Write exactly the lines running from the start of the material below to the line that includes "a pixel art", and include no pictures.

((

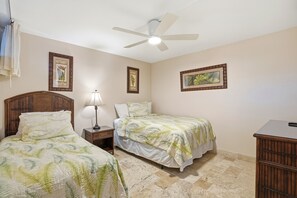Quarto com duas camas, um ventilador de teto e quadros nas paredes.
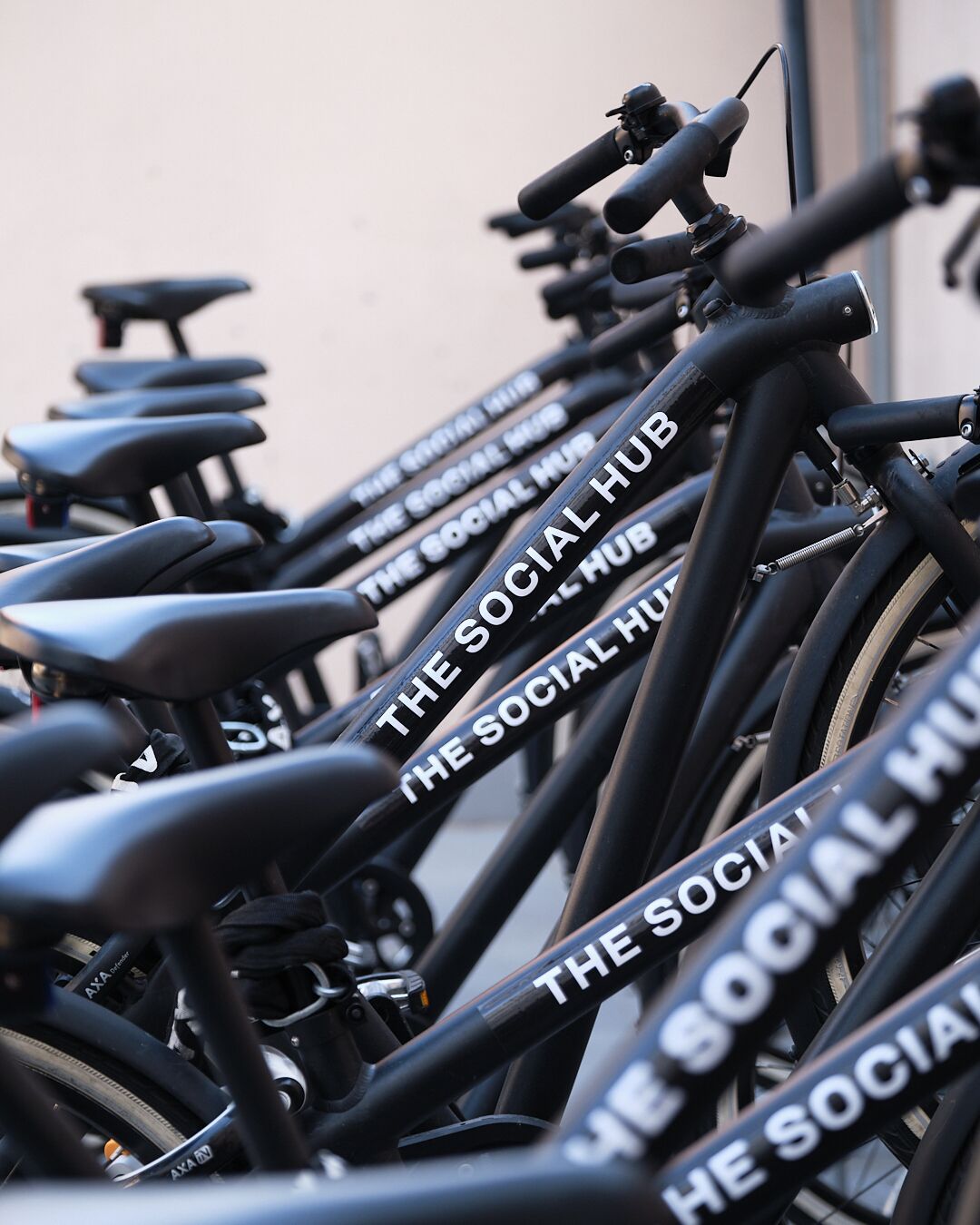 A row of bicycles with "The Social Hub" branding.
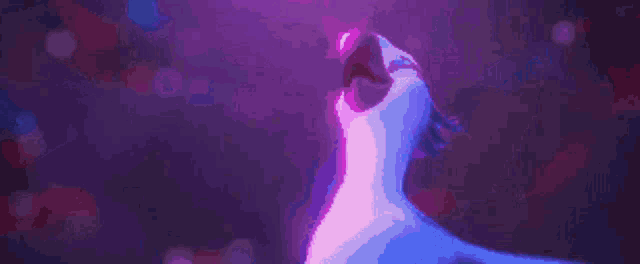 a pixel art of a bird with its wings spread in a dark room .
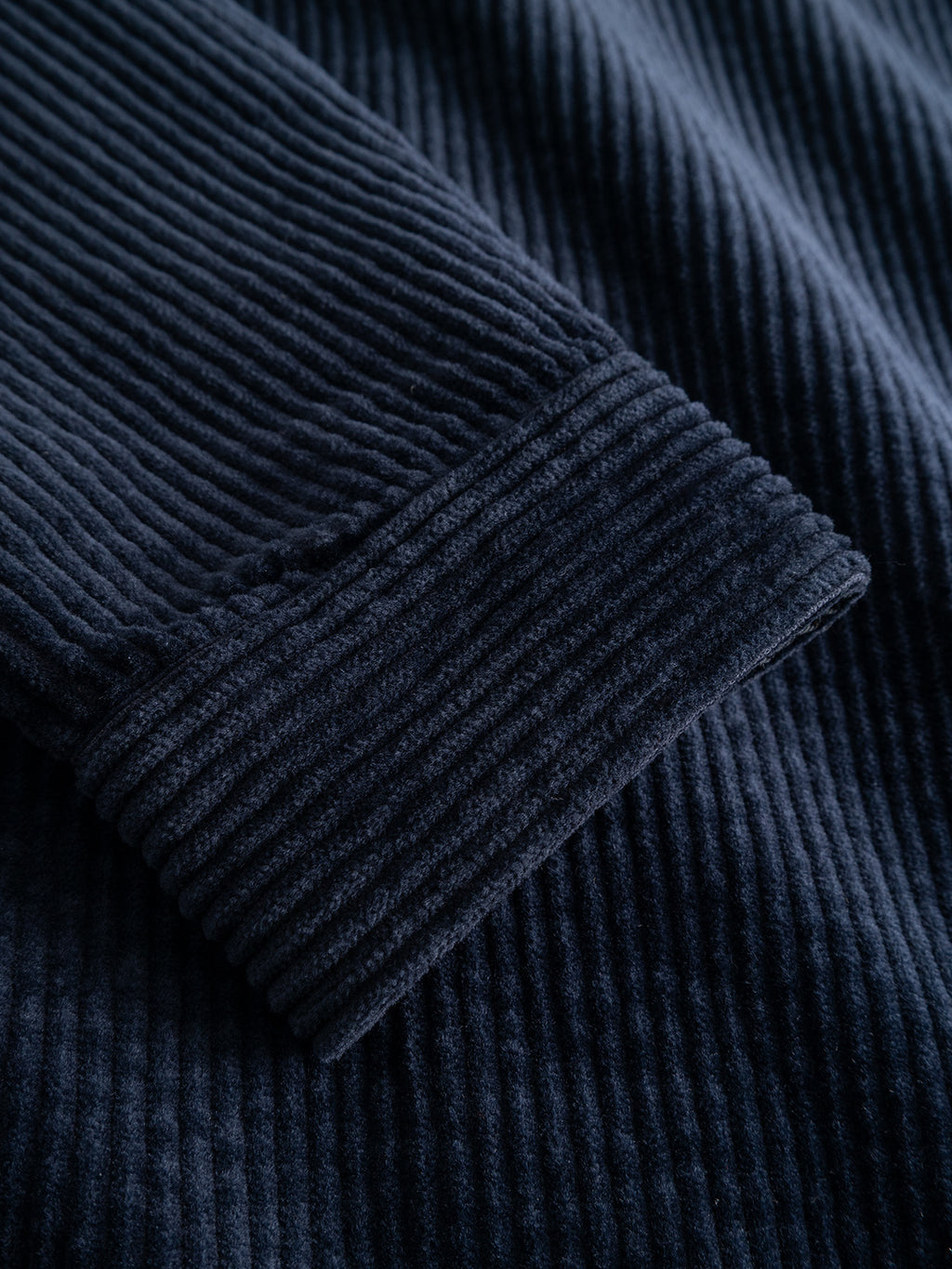 Close-up of the Gabba GABbeta Ibre LS Overshirt in Dark Navy, featuring stretch corduroy fabric with visible ridges and a folded sleeve cuff that highlights the texture and pattern of the material.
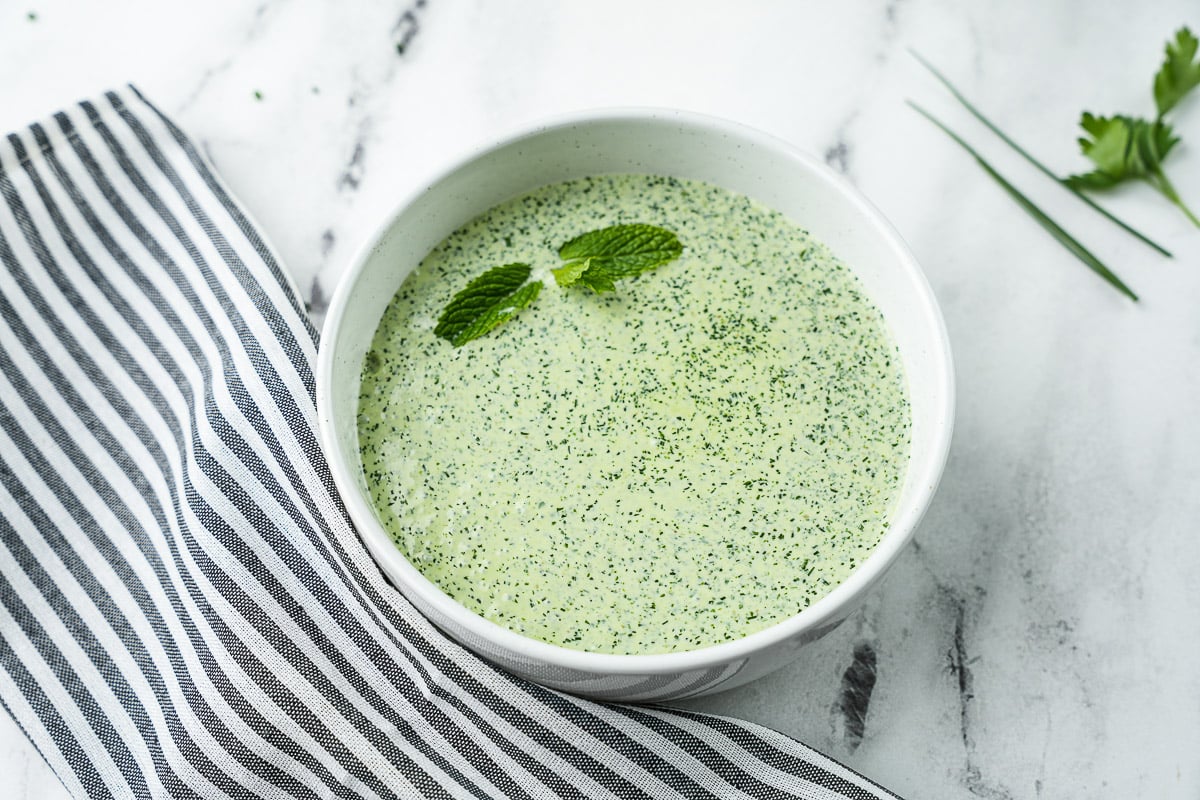 Green goddess dressing on countertop in white bowl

))

- COMPLETED EXERCISE:
Quarto com duas camas, um ventilador de teto e quadros nas paredes.
 A row of bicycles with "The Social Hub" branding.
 a pixel art of a bird with its wings spread in a dark room .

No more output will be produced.